What to work on: Within these entries, which lines include the string "Dragon"? Copy each one.

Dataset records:
☆ ☆ ☆ ☆ ☆
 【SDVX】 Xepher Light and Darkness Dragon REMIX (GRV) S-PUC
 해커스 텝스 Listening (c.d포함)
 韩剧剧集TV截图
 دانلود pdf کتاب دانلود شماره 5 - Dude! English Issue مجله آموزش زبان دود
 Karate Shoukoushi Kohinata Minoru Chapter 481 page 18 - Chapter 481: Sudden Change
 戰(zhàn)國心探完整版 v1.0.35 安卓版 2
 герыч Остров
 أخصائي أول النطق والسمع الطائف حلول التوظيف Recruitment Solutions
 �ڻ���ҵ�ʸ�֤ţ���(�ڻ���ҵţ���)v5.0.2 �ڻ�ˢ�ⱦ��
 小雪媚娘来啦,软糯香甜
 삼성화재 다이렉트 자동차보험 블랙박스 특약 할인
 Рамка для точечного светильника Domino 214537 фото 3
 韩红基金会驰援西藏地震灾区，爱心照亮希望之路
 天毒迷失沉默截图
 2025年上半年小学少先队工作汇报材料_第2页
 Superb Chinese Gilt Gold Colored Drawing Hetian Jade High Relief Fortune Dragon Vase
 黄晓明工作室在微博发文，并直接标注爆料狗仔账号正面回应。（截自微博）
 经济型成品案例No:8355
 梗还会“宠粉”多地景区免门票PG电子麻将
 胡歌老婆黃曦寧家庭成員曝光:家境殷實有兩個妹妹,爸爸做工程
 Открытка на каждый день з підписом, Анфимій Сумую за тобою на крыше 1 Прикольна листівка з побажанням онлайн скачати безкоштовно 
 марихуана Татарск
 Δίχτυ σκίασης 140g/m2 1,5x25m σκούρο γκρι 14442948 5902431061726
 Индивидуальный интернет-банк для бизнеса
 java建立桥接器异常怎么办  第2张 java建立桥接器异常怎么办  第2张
☆ ☆ ☆ ☆ ☆
Final answer:
 【SDVX】 Xepher Light and Darkness Dragon REMIX (GRV) S-PUC
 Superb Chinese Gilt Gold Colored Drawing Hetian Jade High Relief Fortune Dragon Vase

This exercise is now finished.